Canberra's move came after a four-month stand-off with Tasmania, sparked when the United Nations Human Rights Committee condemned the island's anti- homsexual laws as a violation of human rights and called for their repeal. Tasmania is the only one of Australia's six states where consenting sex between male adults is a crime.

A law passed in 1924 prohibits 'sexual intercourse with any person against the order of nature' and carries a penalty of 21 years in prison. The UN found the Tasmanian law to be in breach of the International Covenant on Civil and Political Rights, of which Australia is a signatory.
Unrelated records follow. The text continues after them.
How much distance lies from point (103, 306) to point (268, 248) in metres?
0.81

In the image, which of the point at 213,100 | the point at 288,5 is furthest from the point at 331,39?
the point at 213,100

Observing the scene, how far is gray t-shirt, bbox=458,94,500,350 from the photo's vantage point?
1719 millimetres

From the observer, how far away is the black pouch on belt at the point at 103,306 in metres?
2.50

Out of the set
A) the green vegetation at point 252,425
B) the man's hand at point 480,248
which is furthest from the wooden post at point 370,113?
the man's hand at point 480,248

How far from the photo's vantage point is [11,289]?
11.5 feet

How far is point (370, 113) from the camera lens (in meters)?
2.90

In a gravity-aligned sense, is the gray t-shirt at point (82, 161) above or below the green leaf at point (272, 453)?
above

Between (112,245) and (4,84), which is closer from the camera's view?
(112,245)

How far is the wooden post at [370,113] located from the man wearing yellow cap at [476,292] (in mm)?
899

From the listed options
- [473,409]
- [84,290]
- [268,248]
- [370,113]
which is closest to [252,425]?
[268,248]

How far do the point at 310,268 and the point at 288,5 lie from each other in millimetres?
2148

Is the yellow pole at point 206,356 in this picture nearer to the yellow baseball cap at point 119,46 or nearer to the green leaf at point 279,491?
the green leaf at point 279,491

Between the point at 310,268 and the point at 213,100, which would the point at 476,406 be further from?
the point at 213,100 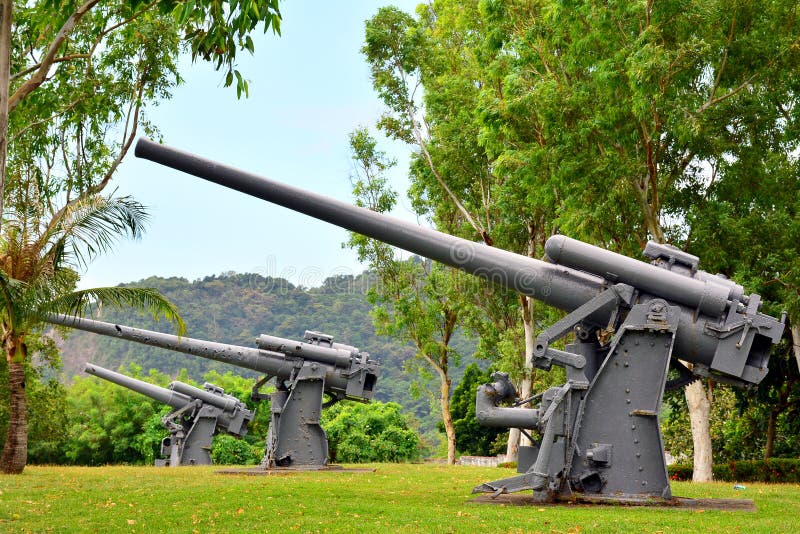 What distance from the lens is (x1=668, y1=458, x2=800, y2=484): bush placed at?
1794 centimetres

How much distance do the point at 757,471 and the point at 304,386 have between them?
10255 millimetres

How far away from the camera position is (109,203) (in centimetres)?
1531

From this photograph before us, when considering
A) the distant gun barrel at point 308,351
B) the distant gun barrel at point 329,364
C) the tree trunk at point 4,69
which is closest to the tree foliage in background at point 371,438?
the distant gun barrel at point 329,364

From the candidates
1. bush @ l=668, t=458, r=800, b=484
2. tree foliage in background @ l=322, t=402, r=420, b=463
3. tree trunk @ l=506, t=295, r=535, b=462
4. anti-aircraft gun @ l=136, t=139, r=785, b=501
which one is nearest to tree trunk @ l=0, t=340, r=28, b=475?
anti-aircraft gun @ l=136, t=139, r=785, b=501

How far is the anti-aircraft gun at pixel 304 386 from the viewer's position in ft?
60.8

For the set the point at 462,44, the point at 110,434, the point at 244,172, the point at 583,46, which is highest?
the point at 462,44

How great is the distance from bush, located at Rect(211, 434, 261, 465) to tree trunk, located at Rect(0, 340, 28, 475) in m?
14.5

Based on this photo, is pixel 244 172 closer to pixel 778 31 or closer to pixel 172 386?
pixel 778 31

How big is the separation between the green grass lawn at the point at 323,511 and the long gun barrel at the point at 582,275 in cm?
195

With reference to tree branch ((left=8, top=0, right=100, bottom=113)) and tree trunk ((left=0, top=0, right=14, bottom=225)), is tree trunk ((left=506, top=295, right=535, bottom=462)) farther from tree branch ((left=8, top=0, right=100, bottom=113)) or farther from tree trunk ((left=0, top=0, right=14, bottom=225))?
tree trunk ((left=0, top=0, right=14, bottom=225))

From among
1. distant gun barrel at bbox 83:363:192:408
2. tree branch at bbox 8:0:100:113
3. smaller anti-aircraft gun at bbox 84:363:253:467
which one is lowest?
smaller anti-aircraft gun at bbox 84:363:253:467

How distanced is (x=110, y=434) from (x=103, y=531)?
31052 mm

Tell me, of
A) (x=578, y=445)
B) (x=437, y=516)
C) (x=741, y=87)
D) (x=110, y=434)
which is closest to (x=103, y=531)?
(x=437, y=516)

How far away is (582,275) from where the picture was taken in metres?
10.8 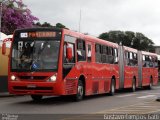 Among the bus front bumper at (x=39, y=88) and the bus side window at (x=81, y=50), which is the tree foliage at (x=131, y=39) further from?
the bus front bumper at (x=39, y=88)

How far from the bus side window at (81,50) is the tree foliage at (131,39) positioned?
81606 millimetres

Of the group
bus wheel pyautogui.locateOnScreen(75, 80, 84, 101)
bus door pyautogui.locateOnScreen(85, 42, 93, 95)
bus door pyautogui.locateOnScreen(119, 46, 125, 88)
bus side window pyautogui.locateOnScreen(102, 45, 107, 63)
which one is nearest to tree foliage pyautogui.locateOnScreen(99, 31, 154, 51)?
bus door pyautogui.locateOnScreen(119, 46, 125, 88)

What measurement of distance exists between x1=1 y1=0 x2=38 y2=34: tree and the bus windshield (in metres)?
23.0

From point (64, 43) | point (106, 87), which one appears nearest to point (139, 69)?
point (106, 87)

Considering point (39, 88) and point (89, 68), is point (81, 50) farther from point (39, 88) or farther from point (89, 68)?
point (39, 88)

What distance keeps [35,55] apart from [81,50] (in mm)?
2974

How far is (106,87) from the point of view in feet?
82.4

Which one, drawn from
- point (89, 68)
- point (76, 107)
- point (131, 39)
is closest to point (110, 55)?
point (89, 68)

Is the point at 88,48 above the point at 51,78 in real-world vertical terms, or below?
above

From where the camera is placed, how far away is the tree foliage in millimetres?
104312

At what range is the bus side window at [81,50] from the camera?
67.1ft

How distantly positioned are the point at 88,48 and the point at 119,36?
8561 centimetres

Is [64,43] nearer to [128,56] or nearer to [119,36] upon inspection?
[128,56]

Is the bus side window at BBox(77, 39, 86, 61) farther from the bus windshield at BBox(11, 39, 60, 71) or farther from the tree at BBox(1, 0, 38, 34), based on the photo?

The federal Labor government, under Paul Keating, has attempted to persuade Tasmania's Liberal (conservative) government to abide by the UN ruling or risk intervention from Canberra.

When the Tasmanian government refused to bow to the UN decision, gay rights groups in mainland Australia last month launched a campaign to boycott Tasmanian goods.

The 'Buy Right' campaign, as it is called, is aimed at produce such as seafood, cheese, beef, beer and wine, normally highly sought- after in Australian cities.

Organisers say that almost 400 businesses have pledged not to buy or sell Tasmanian goods and that more than 12,000 people have signed a petition calling for the anti-gay law to be repealed. The federal Cabinet yesterday approved legislation that will guarantee Australians a right to privacy in sexual relations.

The federal privacy law will not force the Tasmanian state government to repeal its legislation but under Australia's writtten constitution it will override any state law that is inconsistent with it.

Michael Lavarch, the federal Attorney-General, described the Tasmanian law as 'an obnoxious criminal provision which doesn't exist anywhere else in Australia and is inconsistent with Australia's human-rights obligations'.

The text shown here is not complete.